Bentuk dukungan sosial yang kedua yaitu dukungan penghargaan. Dukungan penghargaan terjadi melalui ungkapan penghargaan positif untuk orang tersebut. Penghargaan yang diberikan berupa dorongan maju atau persetujuan dengan gagasan atau perasaan individu, dan perbandingan positif individu dengan individu lain, seperti misalnya perbandingan dengan orang-orang yang kurang mampu atau lebih buruk keadaanya. Hal seperti ini dapat menambah penghargaan diri. Melalui interaksi dengan orang lain, individu akan dapat mengevaluasi dan mempertegas keyakinan dengan membandingkan pendapat, sikap, keyakinan, dan prilaku orang lain. Dengan adanya dukungan penghargaan ini siswa akan merasa dibantu, merasa dirinya berharga, mampu, dan dihargai sehingga berpengaruh terhadap pencapaian prestasinya. Akan tetapi dalam penelitian ini dukungan sosial teman sebaya yang menyangkut dukungan penghargaan ini tidak berpengaruh terhadap prestasi. Hal ini disebabkan penghargaan mencakup hal yang umum dalam pergaulan siswa, tidak mempengaruhi prestasi belajar matematika secara khusus.

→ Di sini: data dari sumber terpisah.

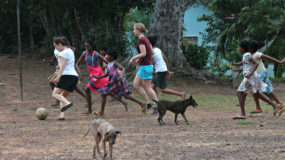 Girls in Sri Lanka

Bentuk dukungan sosial teman sebaya yang ketiga yaitu dukungan instrumental. Dukungan instrumental adalah dukungan dalam bentuk penyediaan sarana yang dapat mempermudah tujuan yang ingin dicapai. Dukungan ini mencakup bantuan langsung seperti memberikan bantuan berupa uang, barang, dan sebagainya. Dengan adanya bentuk dukungan instrumental yang diperoleh siswa dari teman sebayanya akan membantu siiswa dalam kesehariannya dalam proses pembelajaran. Bentuk dukungan ini tidak mempenggaruhi prestasi belajar matematika, hal ini disebabkan karena dukungan ini bersifat umum dalam pergaulan siswa tidak memberikan sumbangsi khusus atau pengaruh yang dominan terhadap pencapaian prestasi belajar siswa.

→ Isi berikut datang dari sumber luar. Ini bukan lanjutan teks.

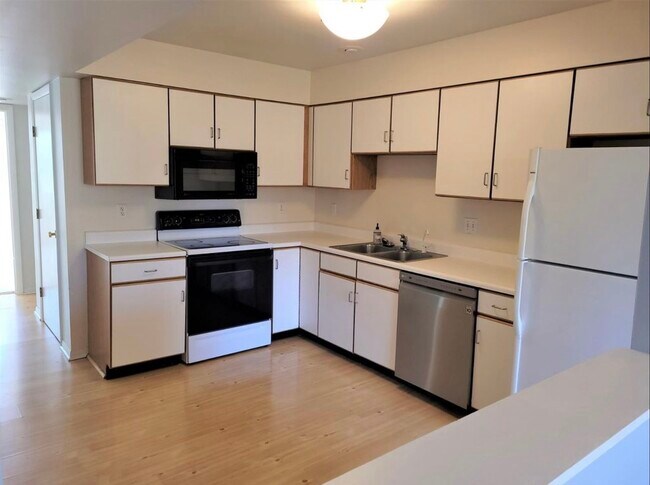 Kitchen - 9412 Hunters Creek Dr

Bentuk dukungan yang terakhir yatu dukungan informatif. Dukungan informatif merupakan dukungan untuk membantu individu mengatasi masalah dengan cara memperluas wawasan dan pemahaman individu terhadap masalah yang dihadapi. Dukungan ini mencakup pemberian nasihat, petunjuk-petunjuk, saran ataupun umpan balik. Informasi tersebut diperlukan untuk mengambil keputusan dan pemecahan masalah secara praktis. Dukungan informatif ini juga membantu individu mengambil keputusan karena mencakup mekanisme penyediaan informasi, pemberian nasihat dan petunjuk. Dengan adanya dukungan ini yang diperoleh siswa dari teman sebaya akan memudahkan siswa dalam pembelajaranya. Akan tetapi hasil penelitian manujjukkan bentuk dukungan ini yang termuat dalam dukungan sosial teman sebaya tidak mempengaruhi prestasi belajar siswa. Hal ini disebabkan dukungan tersebut memberikan sumbangsi secara luas dalam diri siswa tidak memberikan sumbangsi secara khusus dalam pencapaian prestasi belajar matematika yang diperoleh siswa tersebut.

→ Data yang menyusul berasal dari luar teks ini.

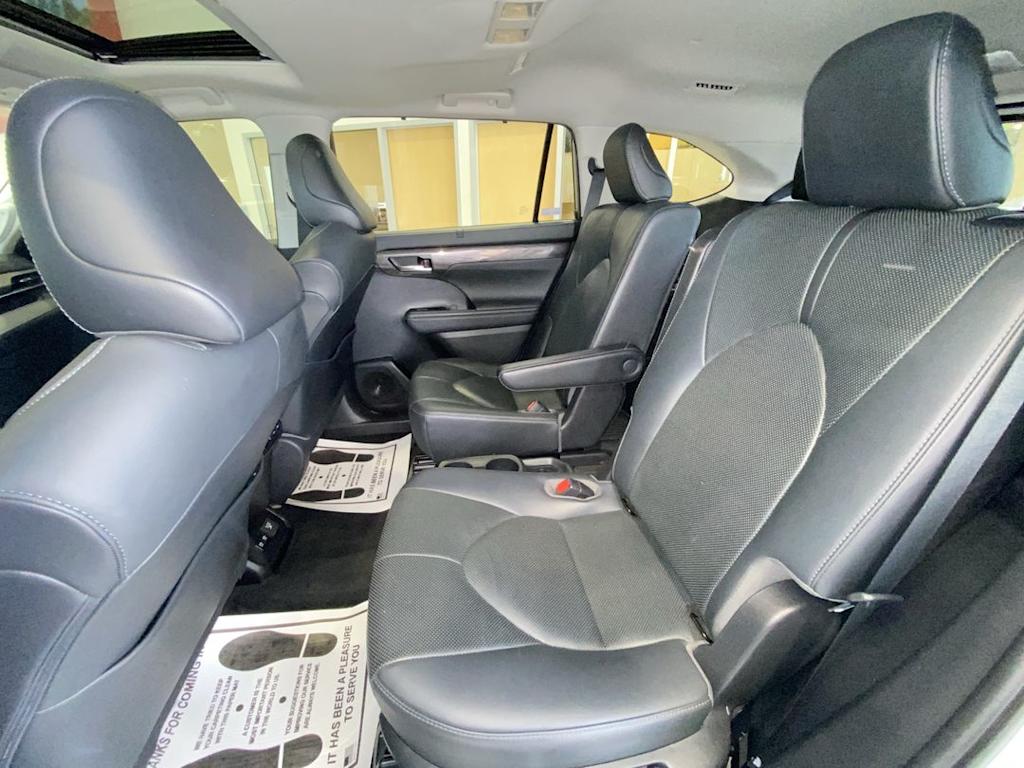 Thumbnail: 2020 Toyota Highlander - 12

Dengan demikian dapat disimpulkan bahwa hasil penelitian yang diperoleh adalah dukungan sosial teman sebaya tidak mempengaruhi prestasi belajar matematika siswa SMPN. Faktor ekternal prestasi belajar matematika bukan hanya dipengaruhi oleh dukungan sosial teman sebaya, akan tetapi masih banyak variabel lain yang mempengaruhinya. Selain itu pula dalam dukungan sosial teman sebaya juga dipengaruhi oleh beberapa faktor lain seperti dukungan keanggotaan dalam kelompok, dukungan jejaring sosial, dukungan aktivitas sosial dan sebagainya.
E.PENUTUP
Kesimpulan
Berdasarkan hasil analisis statistik inferensial konsep diri dan dukungan sosial teman sebaya berpengaruh terhadap prestasi belajar matematika siswa kelas VIII SMPN. Sumbangsi pengaruh variabel konsep diri dan dukungan sosial teman sebaya sebesar 16,3% sedangkan selebihnya 83,7% dipengaruhi oleh variabel lain yang tidak dimasukkan dalam penelitian ini.